The EMU Speech Database System
EMU and ToBI

ToBI is a system for transcribing the intonation patterns of spoken language. ToBI defines a number of annotation levels and the criteria for placing labels on each. These labels include a segmentation into words along with tone labels which mark prosodic events such as prosodic tones and phrase boundary events. ToBI annotations have largely been made using the Unix based Waves+ toolkit from Entropic and the example materials are made available in the ESPS format which is readable only by Waves+ (and by Emu when an ESPS licence is available -- ie. on a Unix platform). This page describes some tools for using ToBI annotation in the Emu system.

The ToBI training materials available from the Ohio State web site are in the ESPS format. We have converted these files to the SSFF format read by Emu on both Unix and Windows. These files are now available on our server:

The smaller files consist of only 12 utterances from the database (those beginning with `a').

These packages contain the original label files (augmented with a dummy label at the start of the word level so that Emu can treat the words as segments rather than events). Two Emu template files are provided, one mimics the traditional ToBI annotation scheme which presents four independant tiers, the other adds domination relations and two additional levels for intonational and intermediate phrases. A script is provided to convert traditional flat ToBI annotations into hierarchical ones. An example hierarchical annotation is shown below.

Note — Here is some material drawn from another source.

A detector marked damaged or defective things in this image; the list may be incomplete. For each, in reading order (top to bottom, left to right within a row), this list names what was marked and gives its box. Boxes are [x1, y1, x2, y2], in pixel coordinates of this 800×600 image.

In this scheme, the Tone level is preserved, non-phrasal tones are linked to the word in which they occur and words are grouped into Intonational and Intermediate phrases based on the position of phrase boundary events.

Pitch Tracking on Windows

Researchers investigating prosody have relied on ESPS/Waves+ for both labelling and pitch tracking. Emu can manage the labelling role but does not provide a pitch tracker. There are a number of possible pitch trackers that might be of use.

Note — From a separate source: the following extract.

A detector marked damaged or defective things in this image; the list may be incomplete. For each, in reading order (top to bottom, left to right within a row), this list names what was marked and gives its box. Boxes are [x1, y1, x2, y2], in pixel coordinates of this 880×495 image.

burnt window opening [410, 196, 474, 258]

One that is available now which can write to the SSFF format read by Emu -- this is the pitch tracker included with the Edinburgh Speech Tools toolkit, which runs on Unix and Windows systems. Edinburgh do not provide a binary distribution of the toolkit for Windows, we are currently investigating providing at least the pitch tracker for download here for use on Windows.

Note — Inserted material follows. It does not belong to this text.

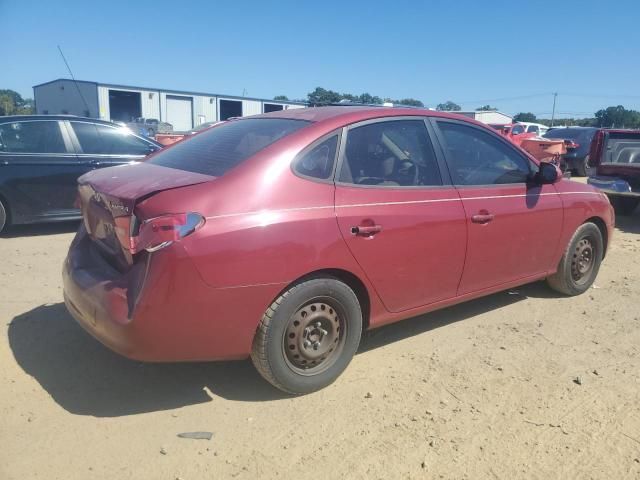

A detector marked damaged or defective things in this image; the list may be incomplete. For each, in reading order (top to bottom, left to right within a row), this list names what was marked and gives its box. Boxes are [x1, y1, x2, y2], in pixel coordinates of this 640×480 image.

damaged red car [63, 108, 616, 394] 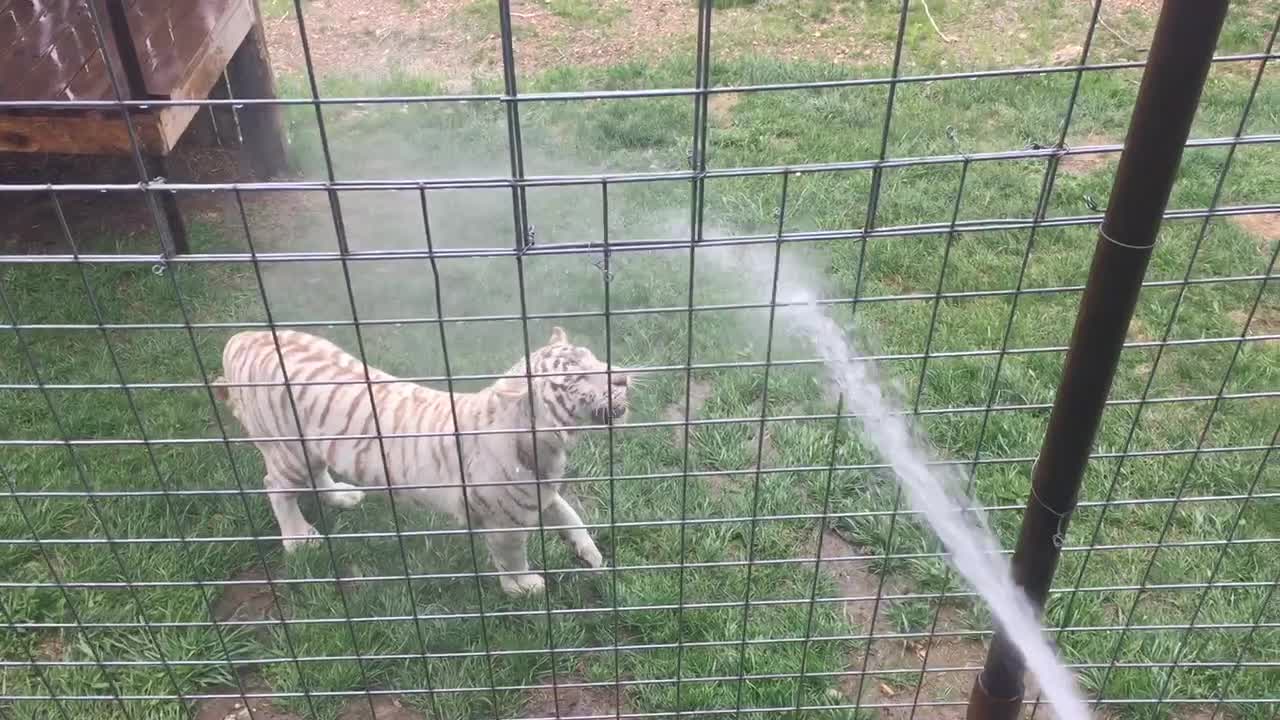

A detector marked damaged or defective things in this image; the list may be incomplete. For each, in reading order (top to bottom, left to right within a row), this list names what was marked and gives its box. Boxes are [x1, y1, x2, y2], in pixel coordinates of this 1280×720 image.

rusty brown pole [967, 4, 1228, 717]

Another alternative is the Speech Filing System from UCL which provides an environment for data capture on Windows and Unix systems. SFS includes both a pitch tracker and a formant tracker and stores data in its own file format. We are currently looking at supporting the SFS file format in Emu which would enable researchers to use SFS to generate pitch and formant tracks and then use Emu to annotate and query their databases.